The foil team sorely missed sophomore star Jeremy Sinkin who was fencing in a World Cup in Madrid this weekend. Sinkin had not planned to miss the Harvard meet, because it was originally scheduled for early December. However, after the meet was moved up to yesterday, Sinkin could not change his plans to go to Madrid.
"Harvard has a very strong team, but the team did a very good job. If Sinkin would have been here, it would have been opposite result," Co-Head Coach Aladar Kogler said.
Also in a World Cup in Italy was first-year Emma Baratta, who had the same conflict with the change in schedule as Sinkin. The Lions were able to pull their weight without Baratta in women's saber though. In fact, the Columbia women's 15-12 victory was largely due to the vast improvement in the depth of the saber squad.

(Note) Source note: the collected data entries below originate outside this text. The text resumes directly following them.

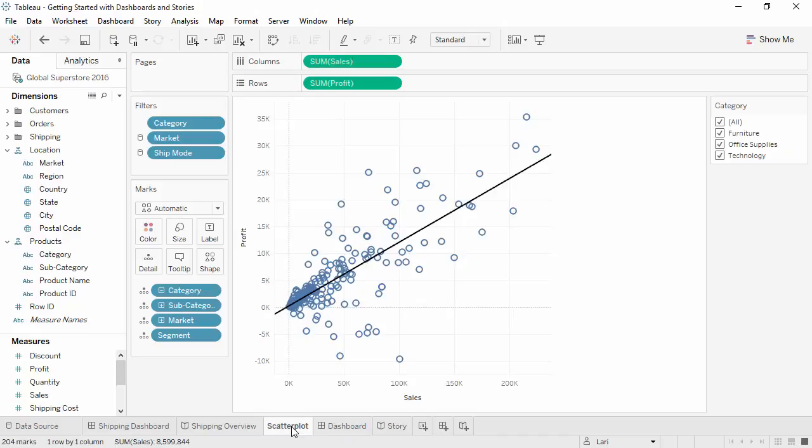Any changes made to content in a story do not reach back and update the underlying content. Dashboards do reach back and update the underlying content. The details of what we're about to do don't really matter so much as the general understanding of when changes will impact other sheets.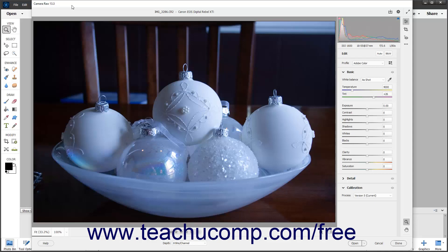At the top of the dialog box is the title bar, which shows the version of Camera Raw installed. Below that is a bar that shows the Camera Raw image filename and camera used to take the photo.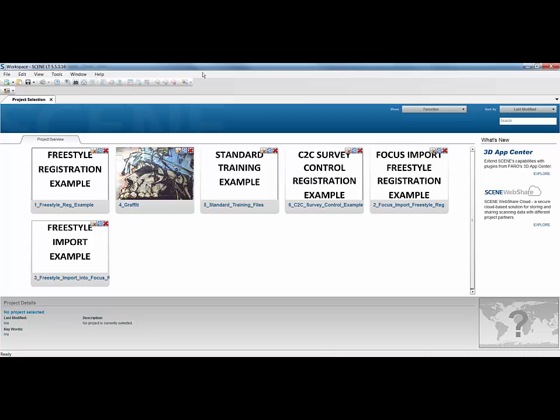The first is if you're working with a target-based registration, i.e. using spheres and targets. What we can do is use Scene LT as a medium for somebody to go and identify all those targets first before we do the registration. One of the first limitations of Scene LT is that we can't actually perform a registration. You need the full version of Scene in order to do that. But it doesn't mean we can't do the preparation work in Scene LT. This might be done by a junior member of staff, for instance.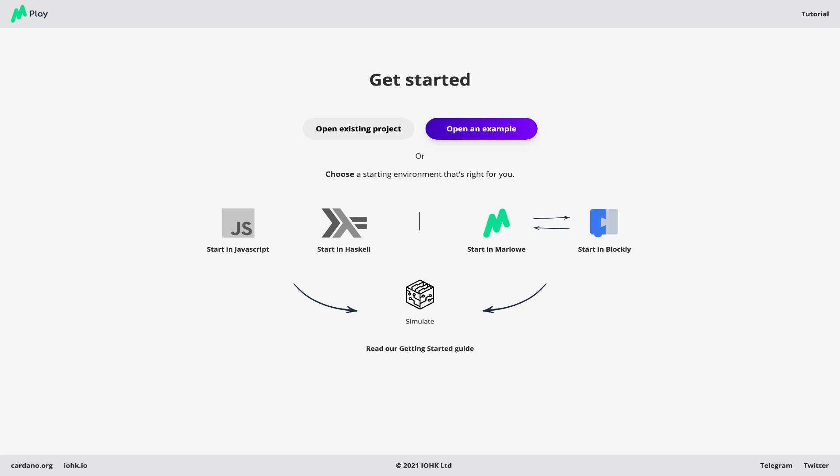Now what can we do in the Playground? We can open a project we were working on already, we can open built-in examples, we could start a new project using JavaScript or using Haskell, we could use a textual form of Marlowe but let's instead start with Blockly.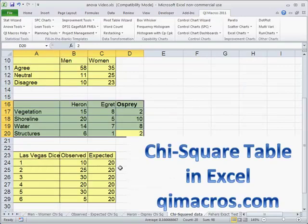So you can do a chi-square test very easily in Excel on tables using the QI macros. And download a 30-day trial from qimacros.com.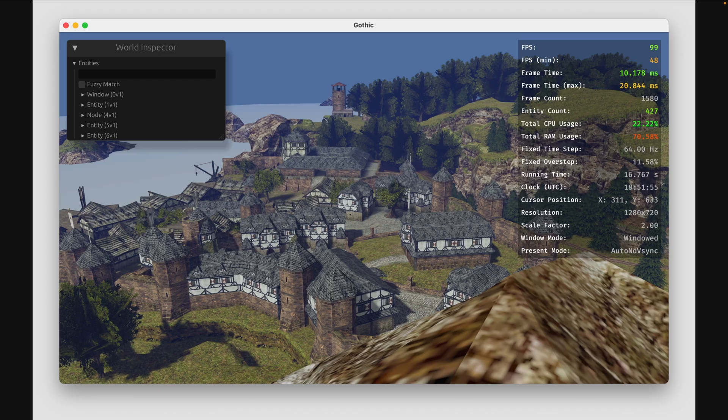Speaking of world building, this is Gothic 2, an action RPG from 2002, which had its world imported into Bevy. There's some discussion of KTX2 and other kinds of optimizations in the thread. The map consists of 1,200,000 vertices, 332 materials, a 190,000-vertex collider mesh with Rapier 3D, and very little optimization.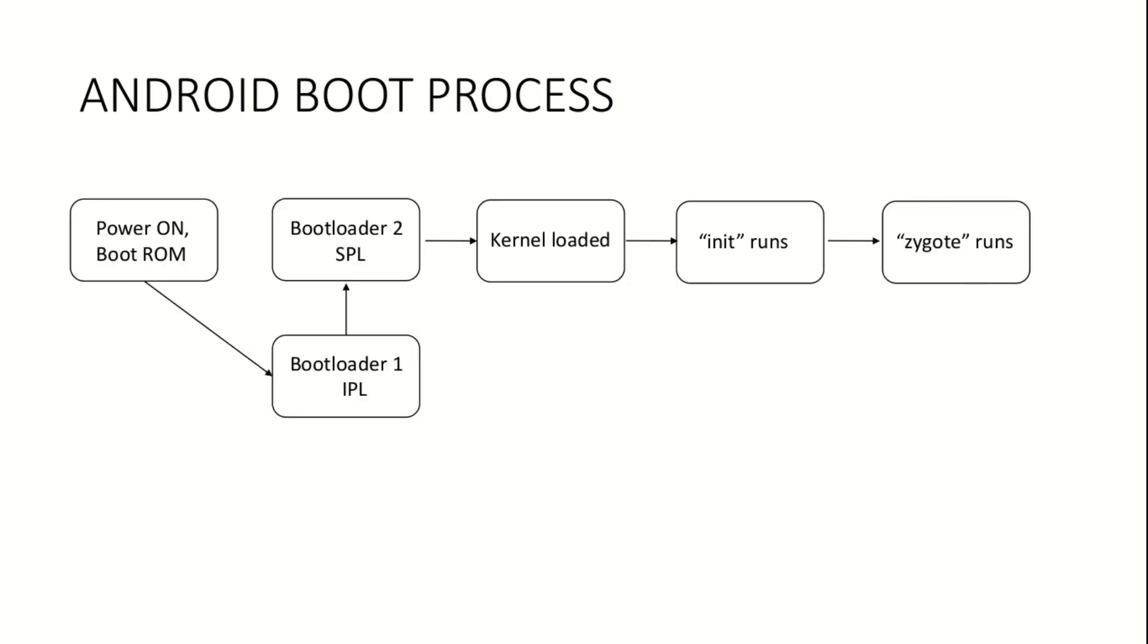To handle this, Zygote preloads some shared resources and core libraries into memory. When a process is to be started, Zygote simply forks itself to create a virtual machine for that process. Pretty neat, right?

First-year sabreur Veronica Padula made her sizzling Light Blue debut with a 3-0 sweep of the Crimson. Senior Annemarie Gallagher also stepped up, going 2-1 on the day.
"We had high quality saber. The girls did a good job," Kogler said. The women's epée squad had a banner day, going 9-0 with their trio of senior co-captain Monica Conley, junior Kim Bush, and sophomore Solmaz Firoz. The clean sweep by epée completely offset the struggles of the women's foil squad that went 0-9.
"It's a good step toward the Ivy rank," Bush said. "It was a good feeling to have epée come out strong. We're really melding together and coming together as a squad."
"I'm a little disappointed," Blount said of the women's foil team. "There was a lot of pressure; it was just a really difficult day. I thought we could have stepped it up."
The women remain in the hunt for the Ivy title but will still need to overcome difficult challenges from Yale, Princeton, and Penn. The men, however, need some help the rest of the way.
"It was a good wake-up call for us," co-captain and sabreur Andrew Sohn said. "None of us expected it to be easy, but we hyped it up too much when we actually had the best team. They had nothing to lose. It's not our ability; it's just a bad day. Now we're looking to beat every team."
"A lot of it was mental with our squad," Eriksen said. "There were the Clearing House difficulties, there was the talk of [Harvard's] recruiting classes, we haven't lost to Harvard in 25 years, [and] we let that get to us."
"I'm not disappointed. This match, you should not cry," Kogler said. "It will be the same approach [for the rest of the season]. It will not influence them negatively. [Today] it was a knife and a gun machine."